Adoptive cell transfer (ACT) with genetically modified tumor infiltrating lymphocytes (TILs) carrying IL-12

Adoptive cell transfer (ACT) therapy is an effective immunotherapy treatment for patients with metastatic melanoma. ACT involves ex vivo identification and isolation of tumor reactive CTLs that are then expanded to higher numbers in vitro and transferred back into the patients [4]. With ACT, the exact populations of T cells capable of in vitro tumor killing are identified; these T cells are then selected for expansion.
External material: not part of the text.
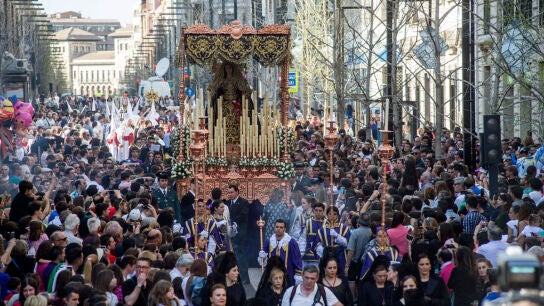 Momento de la procesi&oacute;n del Sant&iacute;simo Cristo del Consuelo y Maria Santisima del Sacromonte en Granada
There have been several studies that show promising results of ACT therapy. Conditioning regimen by non-myeloablative lymphodepleting drugs (fludarabine and cyclophosphamide) followed by adoptively transferring autologous tumor-infiltrating lymphocytes (TILs) in conjunction with high-dose IL-2 elicits objective tumor regression in 50% to 70% of melanoma patients based on RECIST criteria [2]. Lymphodepleting drugs help create a lymphopenic environment, which has reduced numbers of immunosuppressive regulatory T cells and myeloid derived suppressor cells [5], allowing rapid proliferation and enhanced activity of adoptively transferred TILs. Moreover, the lymphopenic environment decreases the competition between native lymphocytes and adoptively transferred TILs for cytokines IL-7 and IL-15, thus providing a favorable environment for TILs to proliferate and survive [6].

Interleukin-12 (IL-12), a member of a family of heterodimeric cytokines, has powerful proinflammatory activities. IL-12 has potent antitumor effects when administered in murine tumor model [7]; however, it is toxic when administered directly to humans. There is ongoing research on engineering TILs to carry IL-12 gene. Clinical utilization of TILs containing IL-12 gene has been promising [8]. In this trial, patients who were 18 years of age or older with evaluable metastatic melanoma and a melanoma lesion suitable for resection to generate TIL cultures were given a bolus intravenous (i.v.) infusion of TILs genetically modified by a retroviral vector encoding Nuclear factor of activated T-cells (NFAT). IL-12. After the infusion, patients received a lymphodepleting chemotherapy regimen. The trial was designed as cell dose-escalation, starting with 1×10⁶ cells and then with increasing numbers of cells by half-log increments. Out of 33 patients, 11 achieved an objective response according to RECIST criteria. A single objective response was seen in 17 patients treated with 0.1×10⁹ or fewer cells (5.9%). 10 out of the 16 patients treated with higher dose, 0.3 to 3×10⁹ NFAT. IL-12 cell cultures, exhibited objective responses (62.5%). Tumor regression was seen at multiple sites, including brain, lung, lymph nodes, and subcutaneous tissues. There was a wide range of AEs, including persistent fever and liver abnormalities. The highest levels of serum IL-12 could be lethal and required intensive care unit management in some patients. High level of circulating IL-12 in the body is alarming as it can inhibit the proliferation of lymphocytes. Although there are still problems with treatment using engineered TILs to carry IL-12 genes, the observed response rate was 63% in patients treated with 0.3×10⁹ or greater NFAT. IL-12-engineered T cells compares favorably with previous response rates in patients treated with 10 to 100 higher numbers of T cells along with high-dose IL-2. With more research on ways to control the expression of IL-12 to modulate circulating serum levels, genetically modified TILs can increase the efficacy of ACT therapy.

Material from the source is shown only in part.